Limitations of the study

This study has at least three limitations. First, the number of cases reported by the sample hospitals and the location of the sample hospitals were considered in the selection of sample hospitals. Hospitals with a small number of reported malaria cases were not be prioritized for inclusion. Second, the actual sample cases were lower than expected due to the reluctance of sampled hospital staff or the loss of cases due to the renewal of the electronic case system. For example, only 41 cases were collected in Anhui Province, which would lead to unstable analysis results in Anhui.
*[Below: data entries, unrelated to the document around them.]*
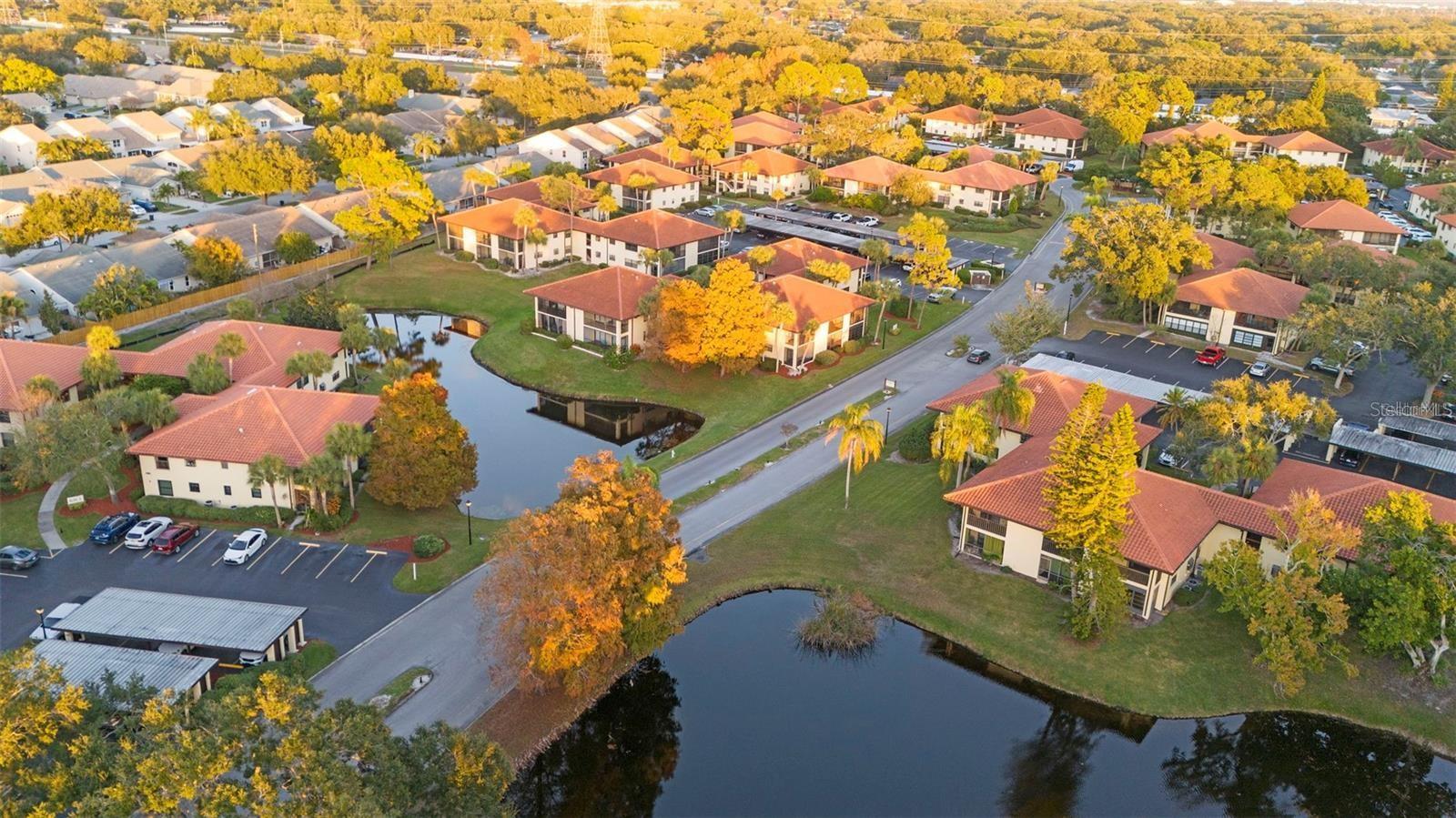 Image 10 of 42 For 1808 Hammock Pine Boulevard 1808
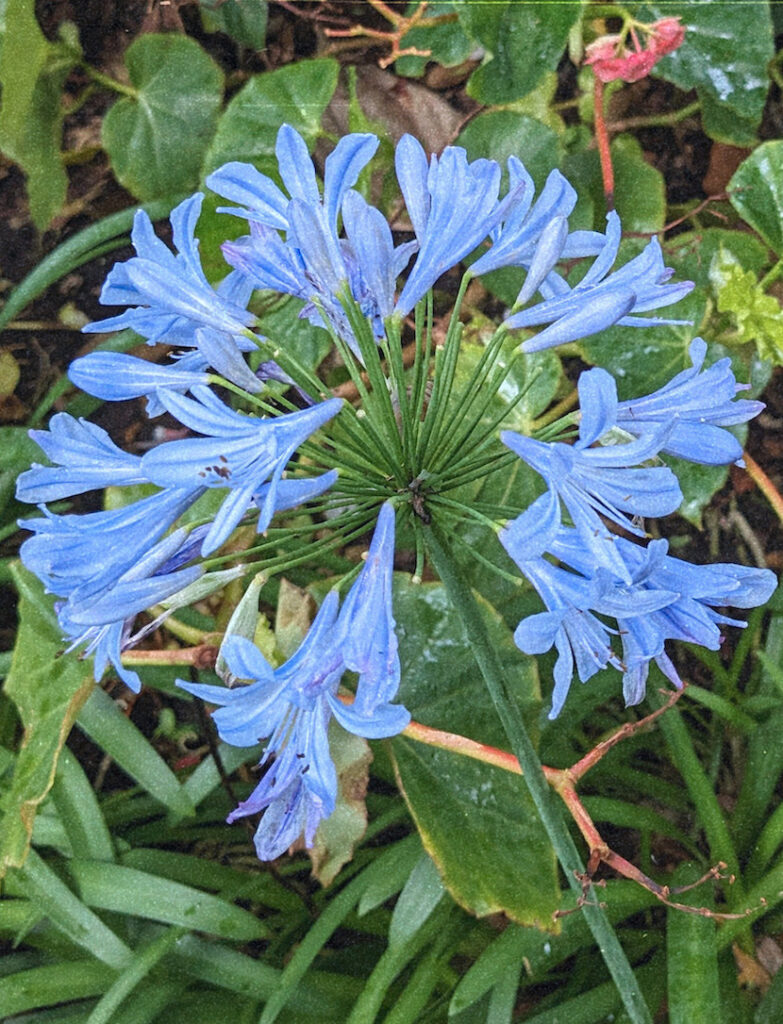 Agapanthus by Kira Simon-Kennedy (CC BY-NC 4.0)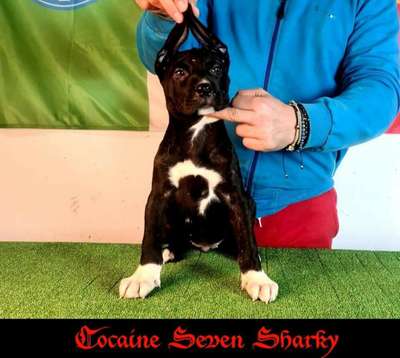 COCAINE OF SEVEN SHARKY DINASTY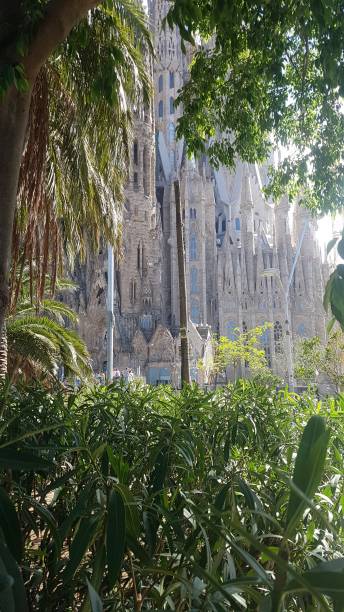 istock sagrada familia viwe from trees 1154770228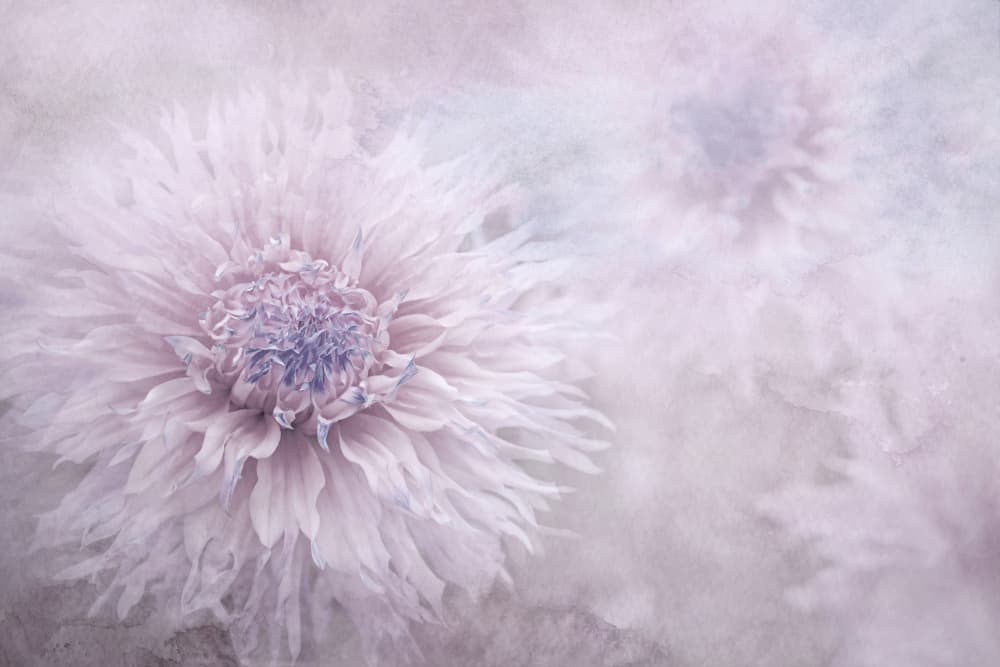 Dreamy Pastel Flowers by Jacky Parker — canvas wall art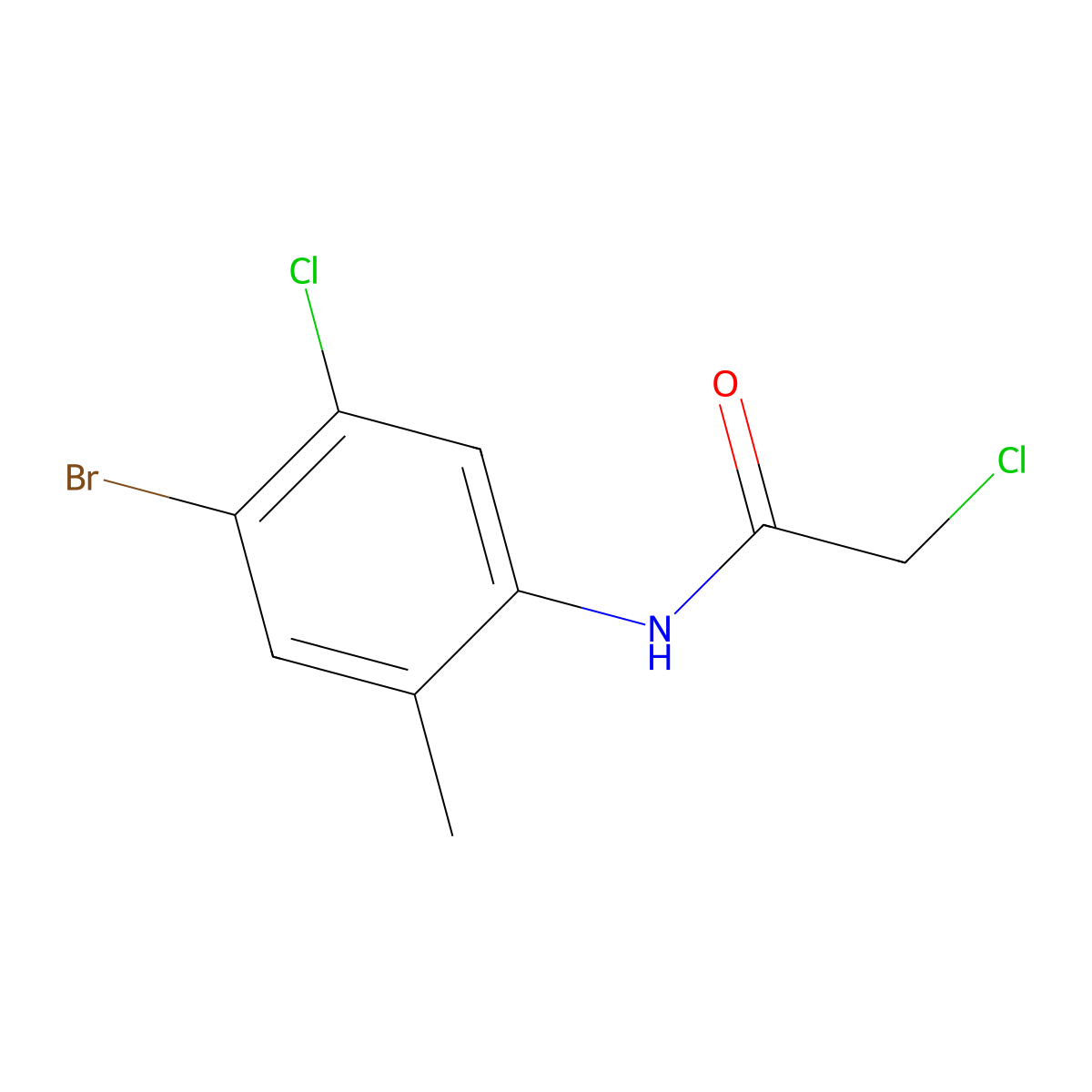 N-(4-bromo-5-chloro-2-methylphenyl)-2-chloroacetamide molecular structure, CAS 2019378-41-5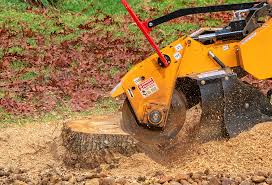 How Our Tree Care Process Works  in  Post Falls, ID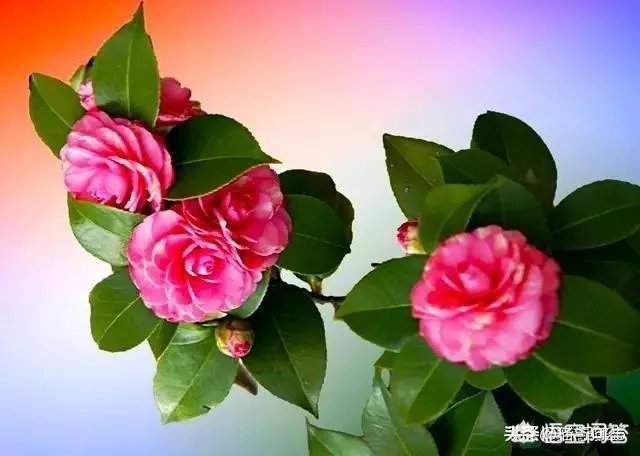 网上有人质疑云南王子清是伪慈善，你怎么看？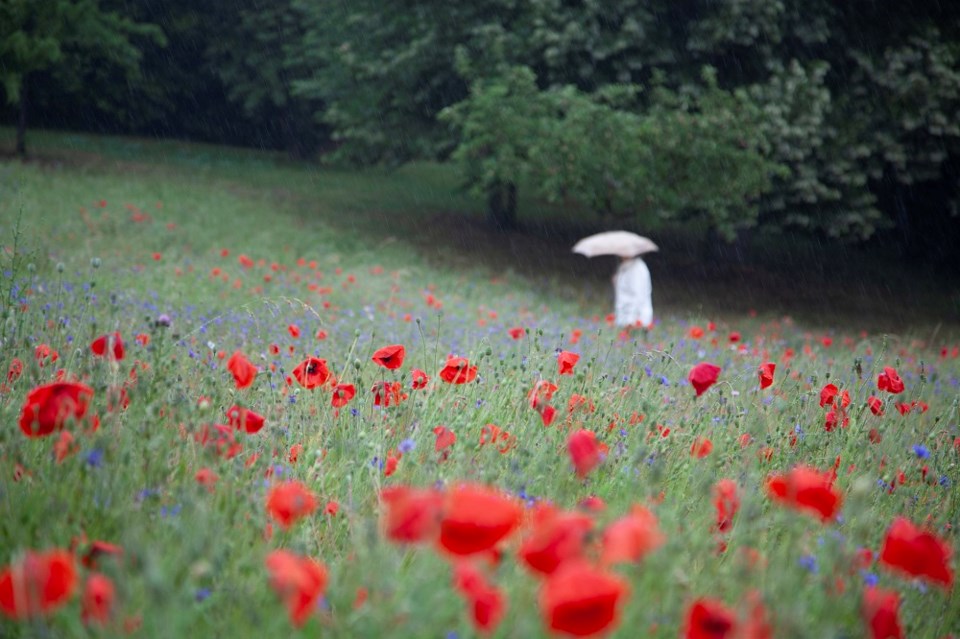 poppiesrainumbrellagrantfaintmomentgettyimages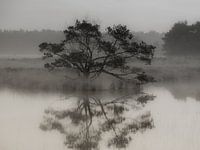 Follicules pileux de Lone Tree Stone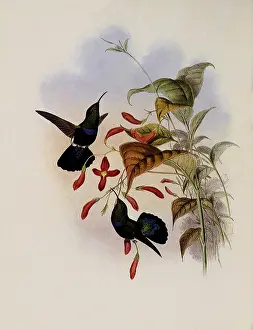 Carib: Grass-Green-Breasted Carib, Eulampis Chlorol...aemus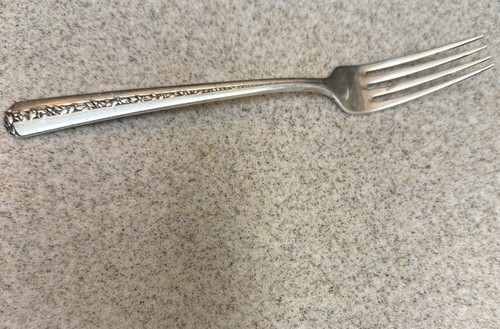 Forchetta pranzo rambler - da,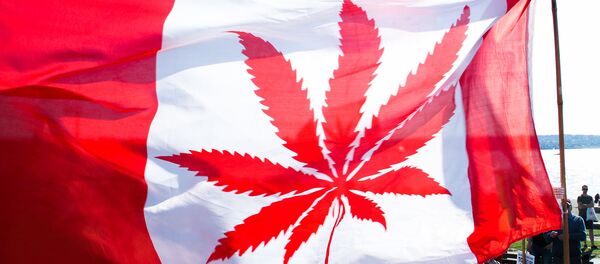 La bandera de Canadá con la imagen de canábis en vez de una hoja de arce (imagen referencial) - Sputnik Afrique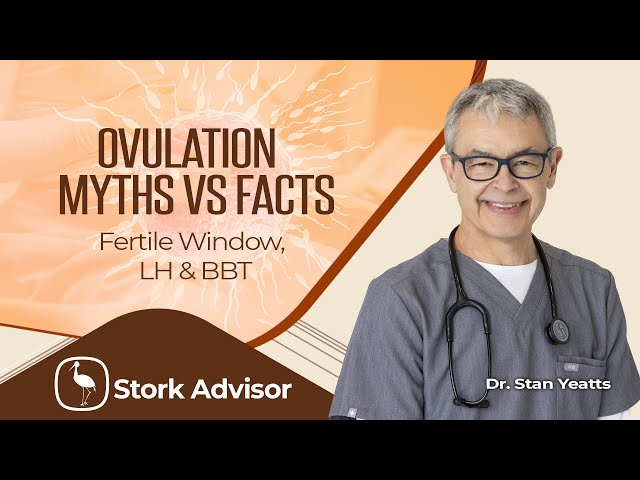 Ovulation Myths vs. Facts: Fertile Window, LH & BBT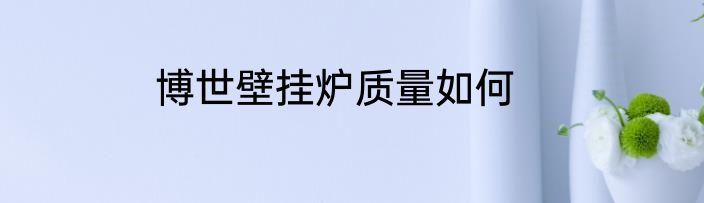 博世壁挂炉质量如何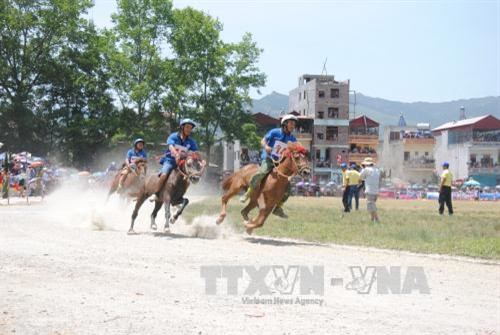 Hấp dẫn Giải đua "Vó ngựa cao nguyên trắng" ảnh 4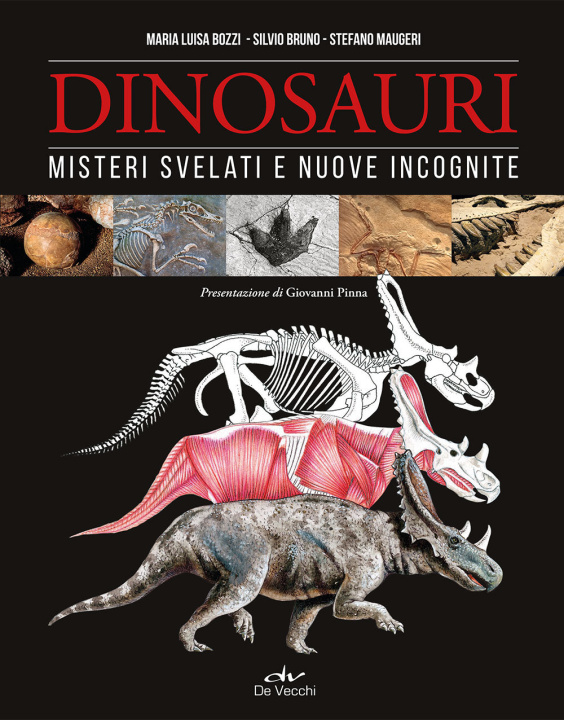 Carte Dinosauri. Misteri svelati e nuove incognite Maria Luisa Bozzi
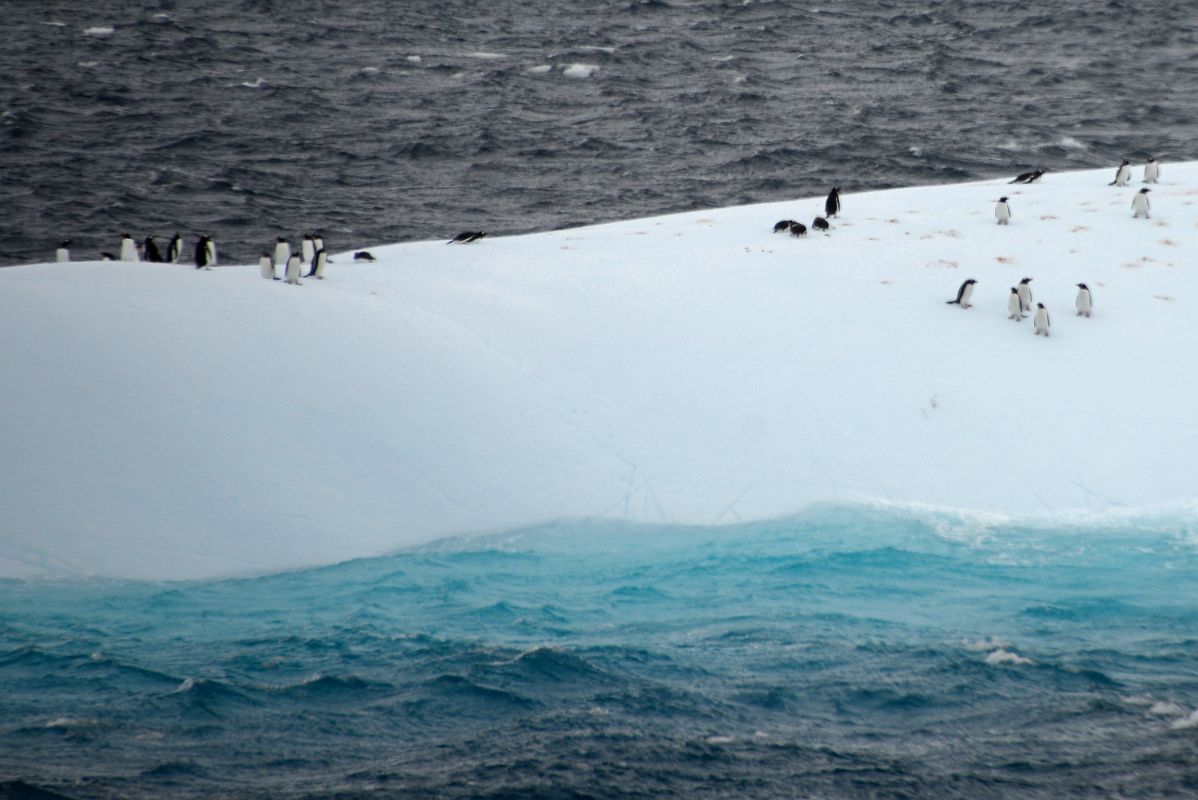 04C Penguins On An Iceberg At The Neptunes Bellows Narrow Opening To Deception Island On Quark Expeditions Antarctica Cruise Ship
Third, this study focused on the hospitals reporting the cases. There may be some patients who went to other hospitals for medical services before they were diagnosed in the hospitals reporting the cases.

Conclusions

This study described the distribution of malaria patients in different types of health facilities, and the proportions of patients seeking care in hospitals within county and prefectural administrative areas during the implementation of National Malaria Elimination Programme. During the implementation of the NMEP, malaria patients tended to seek care in tertiary hospitals and prefecture-level hospitals, and most patients could be treated in hospitals within prefecture-level areas. A lower proportion of patients seeking care within county-level areas reminded that the diagnosis and treatment capacity of county-level hospitals may be insufficient, which may lead to delays in malaria treatment, resulting in life-threatening and huge economic burden. In the elimination stage of malaria, the scope and extent of the malaria epidemic has fallen to its lowest level in history. Local governments should formulate corresponding prevention and control strategies according to their regional realities. It is necessary to continue to strengthen the monitoring of fever symptoms in people entering the epidemic areas [46], and consolidate the ability of clinicians in grassroots medical institutions to carry out RDTs and microscopic examination, and establish referral system from grassroots medical institutions to hospitals designated for malaria treatment.